My grandmother’s prayers usually lasted over two hours. Before the end, listening to the whispered tones of her entreaties from my bedroom across the hall, while being pinned to the mattress by the weight of the heavy hand woven woollen blankets she had brought with her from the village I would fall asleep. Through the crack of the open door, I would see the reddish flickering glow of the kandili in her bedroom, sending shadows galloping along the walls of the hallway. It was a long, undulating prayer, full of cadences that rose and fall, a constant ebb and flow of sussurated petitions as soothing as the waves of a moonlit sea. Here and there, the invocations were punctuated by my grandfather’s snores. And then…

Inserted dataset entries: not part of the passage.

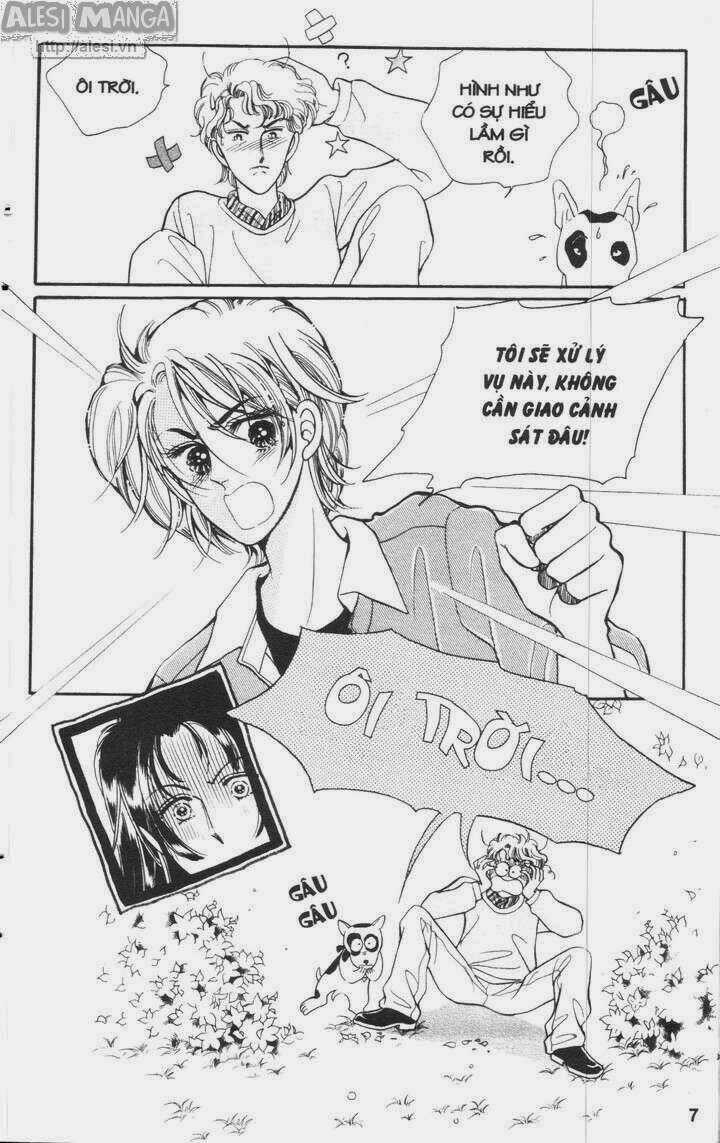 Nhỏ Con Trai Chapter 3 trang 4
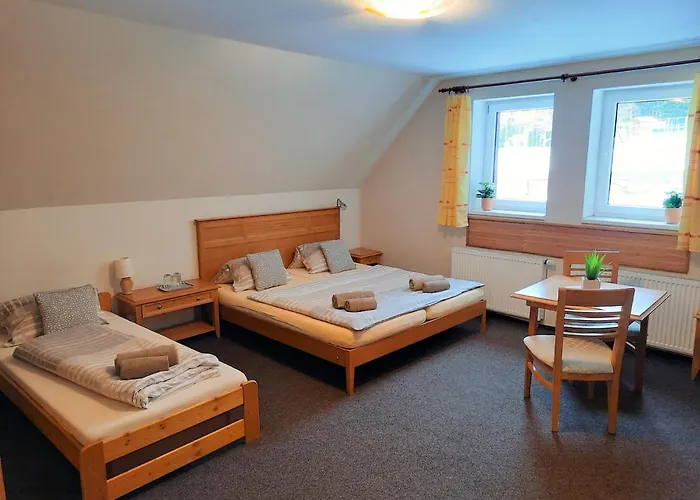 Guest house Sportcentrum Klinovec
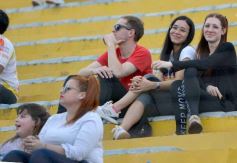 Foto de la galería: Cruce redondo: el Colectivero sumó de a tres y dejó sin invicto al puntero en el Federal A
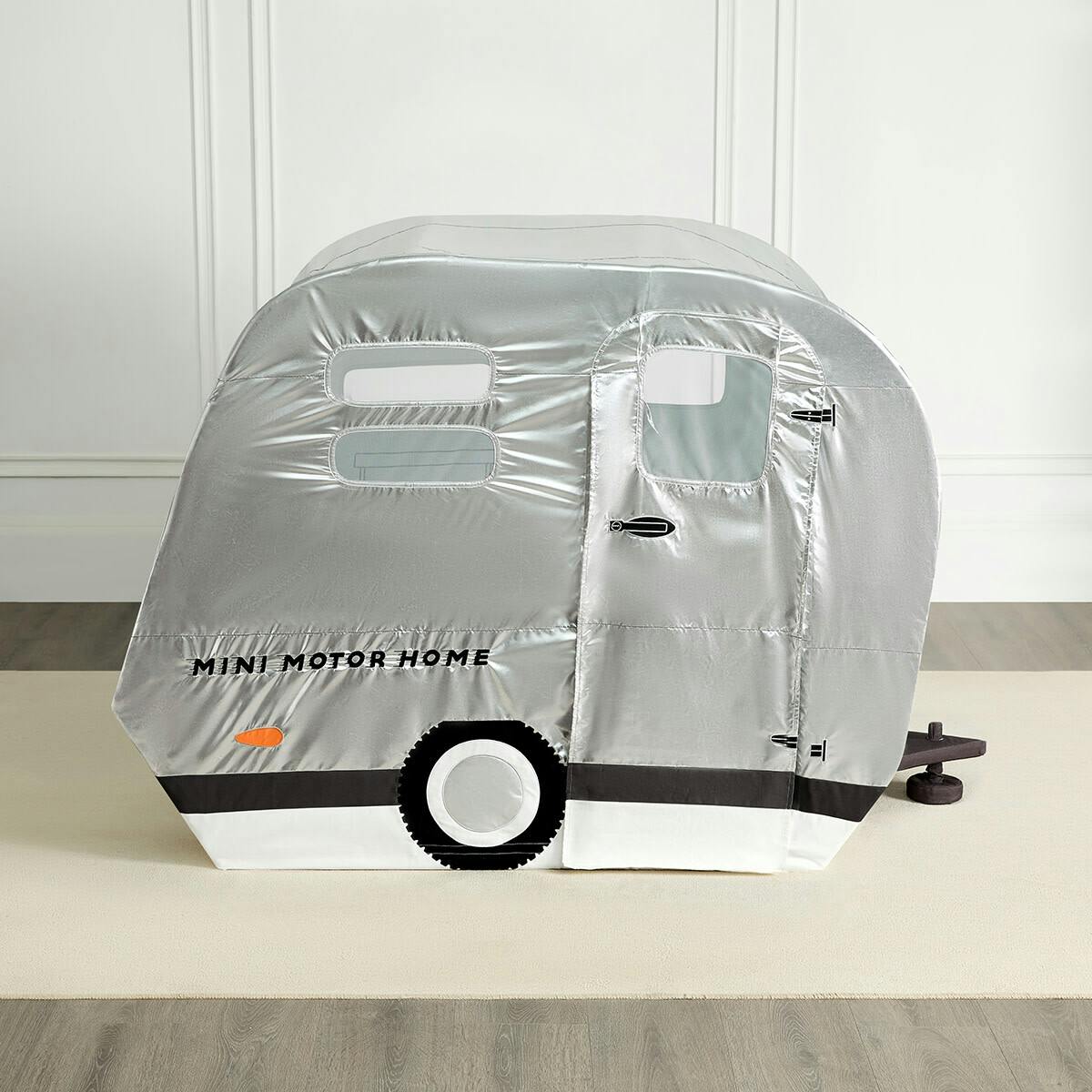 Mini Motor Home - Silver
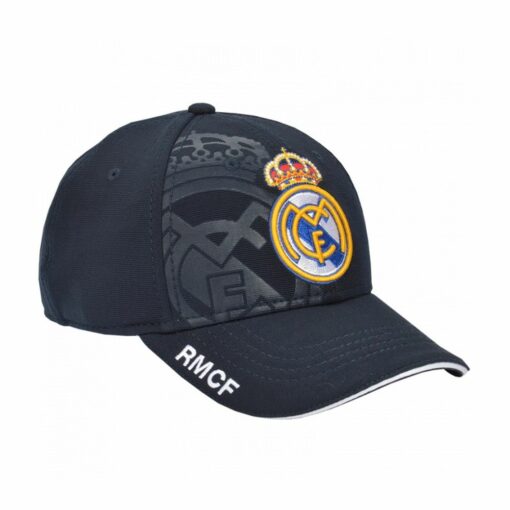 Kšiltovka Real Madrid tmavě modrá - Image 5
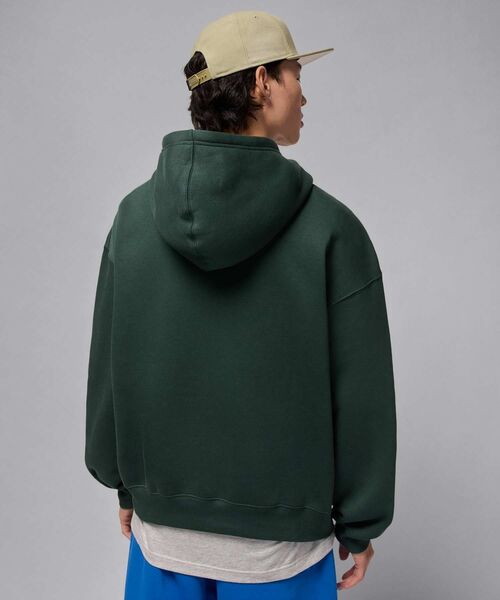 ジョーダン ブルックリン フリース メンズ オーバーサイズド プル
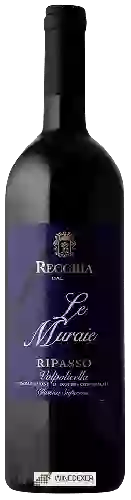 Weingut Recchia - Valpolicella Ripasso Classico Superiore Le Muraie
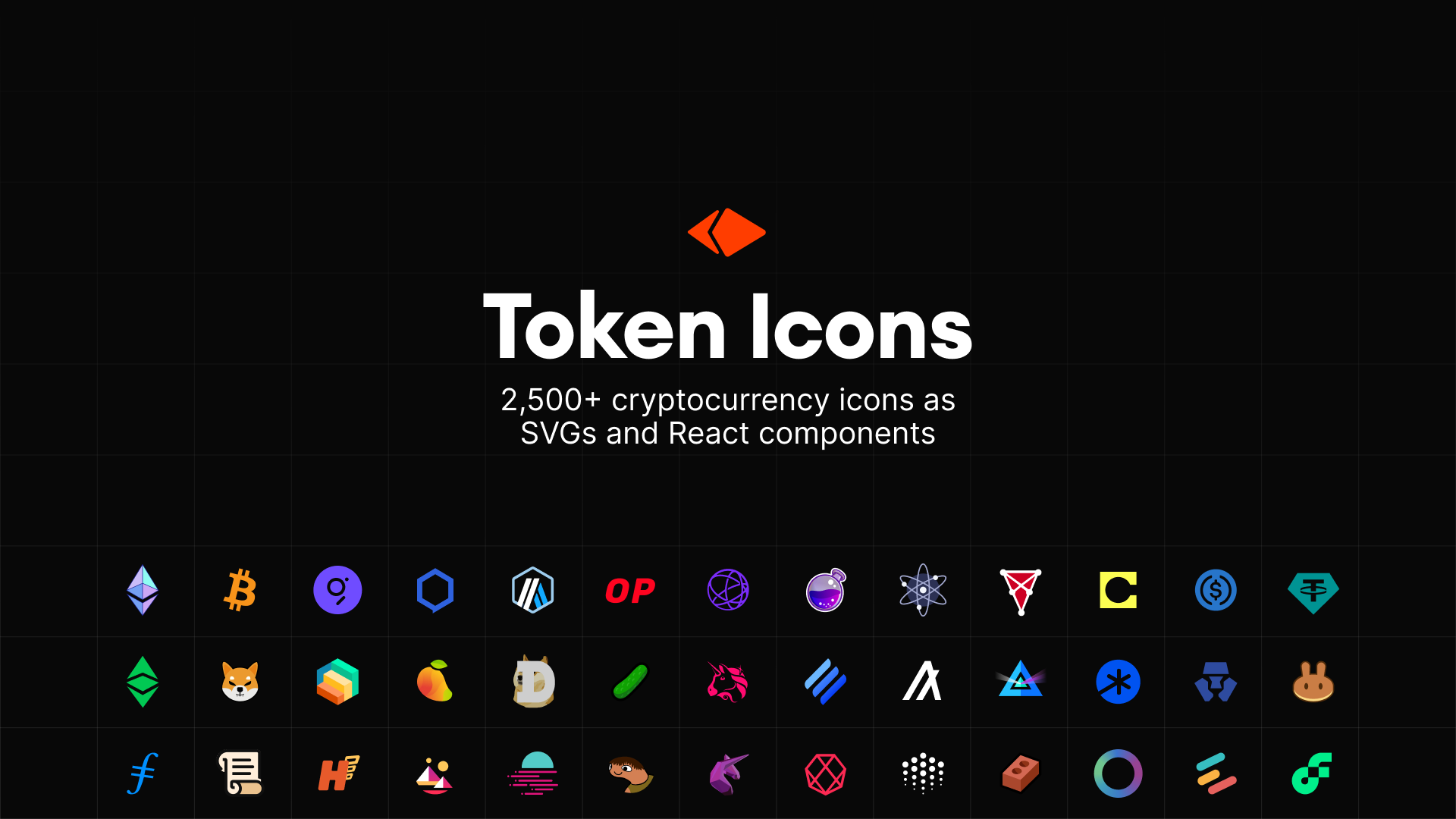 Web3 Icons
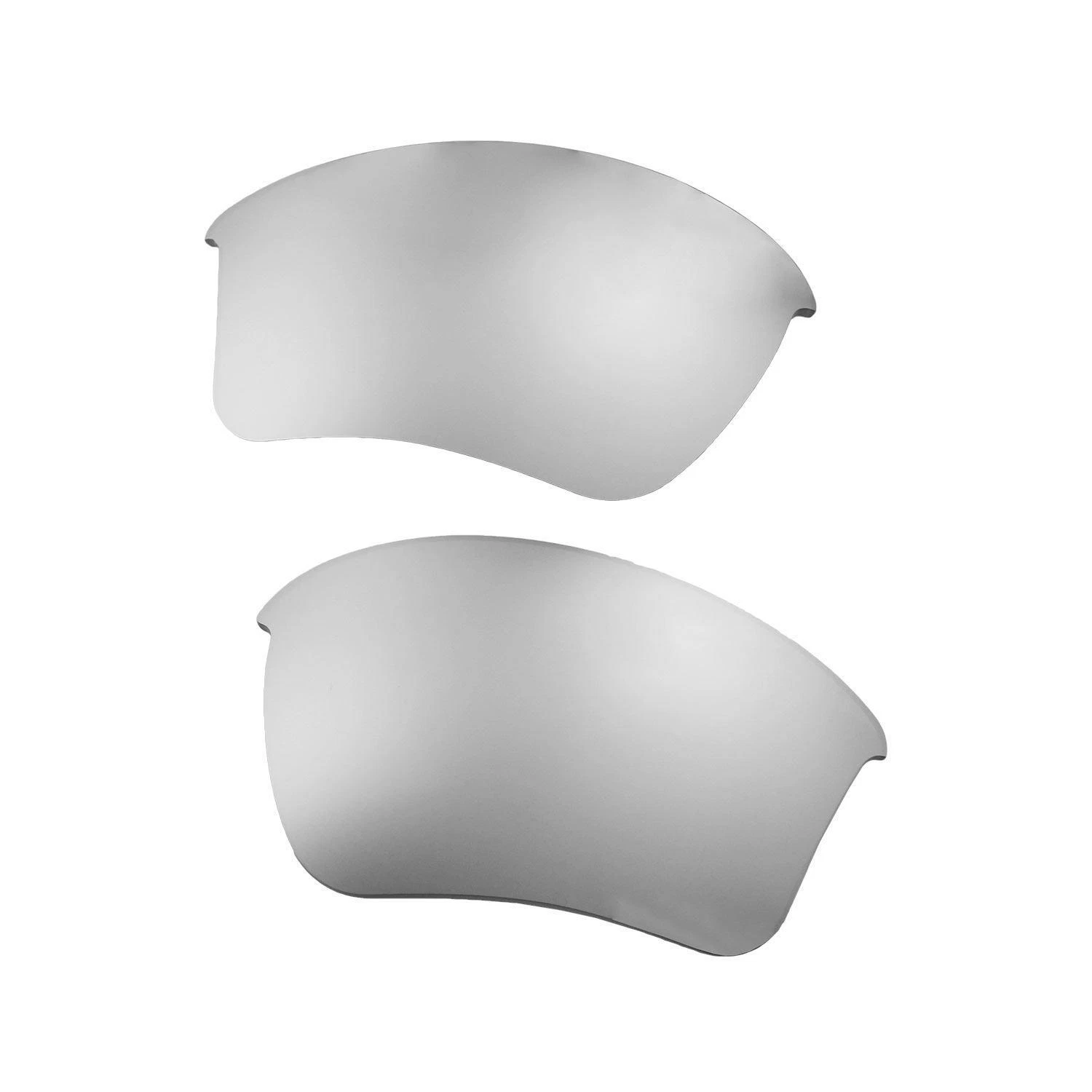Walleva Mr.Shield Polarized Titanium Lenses for Oakley Half Jacket 2.0 XL
Opens in a new window or t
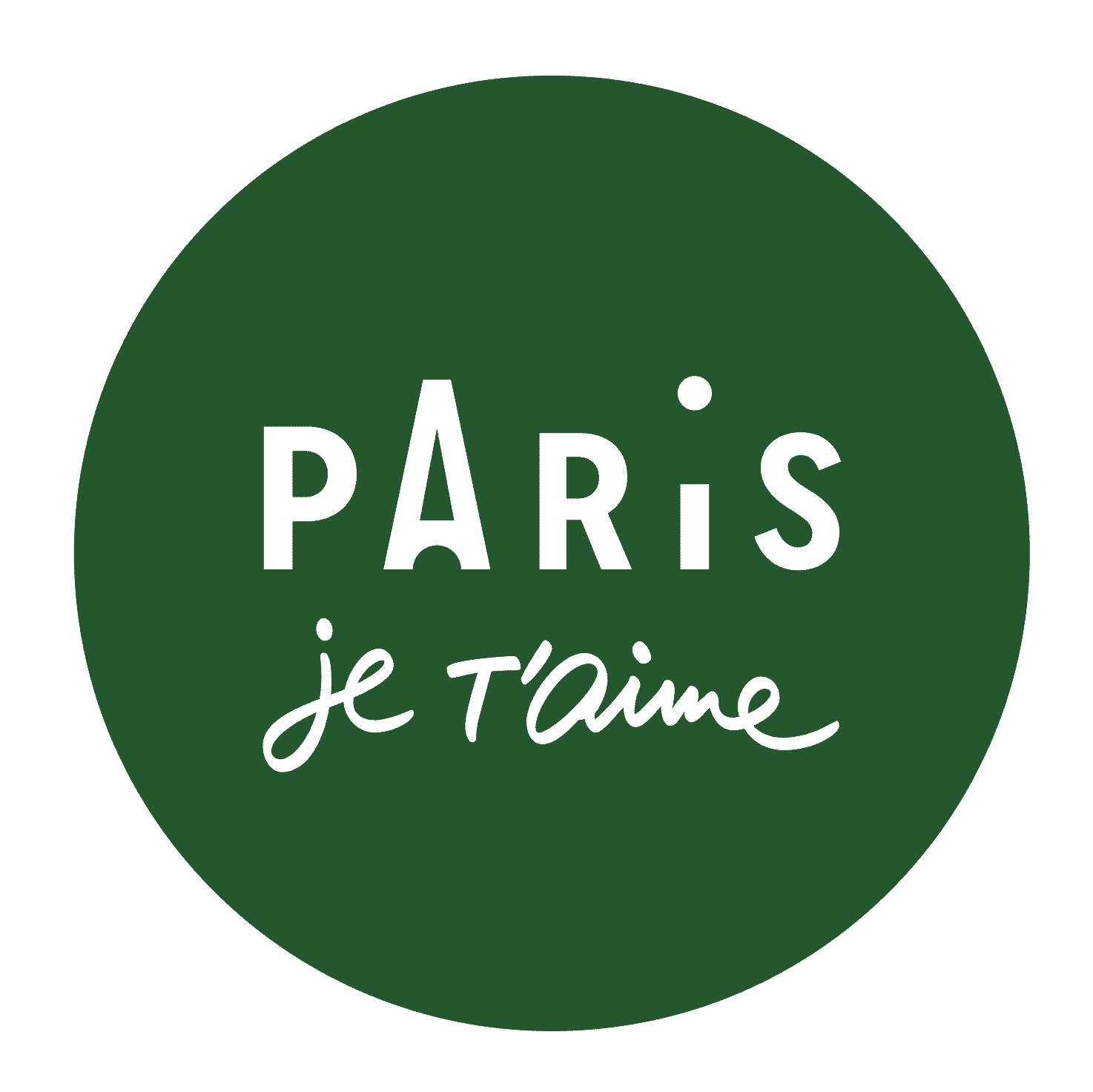 Paris je t’aime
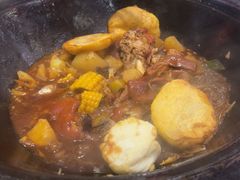 -粗粮人家·东北菜(洋桥店)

“Git, geliyorlar!” my grandfather’s voice would rasp urgently, as he began to thrash about under his bedclothes.

“Saklan, seni öldürecekler!” my grandfather would cry, his voice quivering in terror.

“Yere yat, kurşun sana yetişecek!” the rafters shook as my grandfather’s voice steadily crescendoed into a roar of despair.

Abruptly, my grandmother’s prayers would come to a stop.

“My God, Kosta, have you wet yourself, or something? The bed is dripping with sweat.” My grandmother was up now, removing towels and sheets from the wardrobe in my room.

“No grandmother, I haven’t.”

“I’m not talking to you. I’m talking to your grandfather. Listen. After all that, he’s snoring his head off again and I need to change the sheets. You go to sleep.”

She passed her hand over my hair and stroked my hair for a second before recoiling in shock. “Good God, my boy. You are positively soaking in sweat. Tell me one attribute you didn’t inherit from your grandfather.”

“Why does pappou always shout in his sleep, grandmother?” I wondered.

“There is nothing wrong with him,” my grandmother chortled nervously. “He is probably dreaming that he is back home in the village, herding his goats. Now get up, I need to change your sheets.”

To say that my grandfather was taciturn was an understatement. You couldn’t even get a word out of him with a meat hook, as his friends used to tease. When not ensconced in his garden, he liked to sit in a corner away from company, listening to the discussions of those around him in silence. On the occasions when he would be asked a question that he did not want to answer, he would cough, mumble something in Turkish and then get up to go back into the garden again.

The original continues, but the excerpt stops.